Money Magazine Australia

INVEST IN CHEAPER SUBURBS

- MARGARET LOMAS Margaret is founder and director of Destiny Financial Solutions (destiny.com.au) and a best-selling author of seven property investment books.

While you certainly got out at the peak, it’s not always a good idea to sell and not buy in the same market, mostly due to the uncertaint­y around the future value of property. In your case, though, it looks to me as if you are hoping to get into something with space for both a growing family and a new business, and it is unlikely to be another apartment. I’m guessing you weren’t exactly sure what you wanted, which is why you cashed in and gave yourself some breathing room.

Given your aim to invest the cash in a suitable vehicle, I am going to go out on a limb here and ask if you might consider continuing to rent, at least for the short to medium term? I have a number of reasons for this suggestion.

First, the Sydney market is likely to stabilise for some time to come, meaning that a buyback within three to five years most likely won’t be relatively more expensive than if you do so in 18 months.

Second, with relative rents so low, it may even become cheaper to rent than it will be to pay the interest on a mortgage, and in addition to this some of that rent will be tax deductible, as you are running a business from home. (You can’t do this when you own a home without incurring a capital gains tax liability on the portion you claimed.)

The extra money from the deduction, combined with the rent payment being lower than an interest payment, will boost your savings.

Third, initially renting in areas where the house prices are within your range can help you to determine if you like that area and want to make such a large investment in it – better than buying hastily and then regretting it because you don’t like where you live.

But lastly, and most importantl­y, in the meantime you can take your $180,000 and use it as a deposit to buy two investment properties, in areas where there has been no boom but there are signs of growth to come. I’m thinking of the suburbs of Brisbane and Melbourne – affordable markets with an abundance of growth drivers.

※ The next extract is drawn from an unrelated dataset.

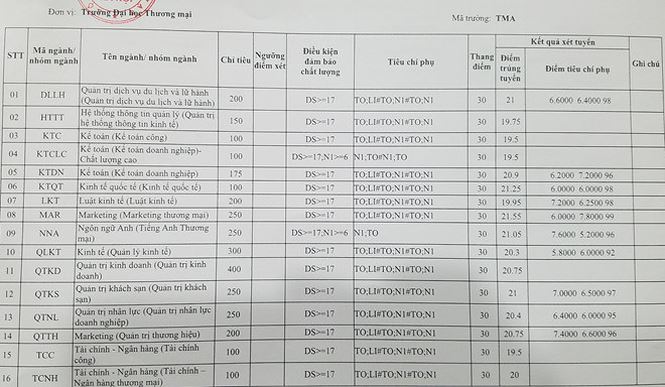 Điểm chuẩn cao nhất của ĐH Thương mại là 21,55 Điểm chuẩn cao nhất của ĐH Thương mại là 21,55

By doing this your $180,000 will have exposure to the growth on the entire value of those two properties (say $800,000 in total), and even if those properties only grew by 3%pa for five years the profit would be $127,000, or about a 70% return on your capital. Meanwhile, the tenant and the tax office are essentiall­y paying the mortgages on those properties while you keep saving any extra cash you have to further boost your savings. At the end of five years, even with capital gains tax (around $20,000 on those figures), you will bring out much more money than you could by investing in cash, and you’ll also have a better idea of what you want to live in, and where.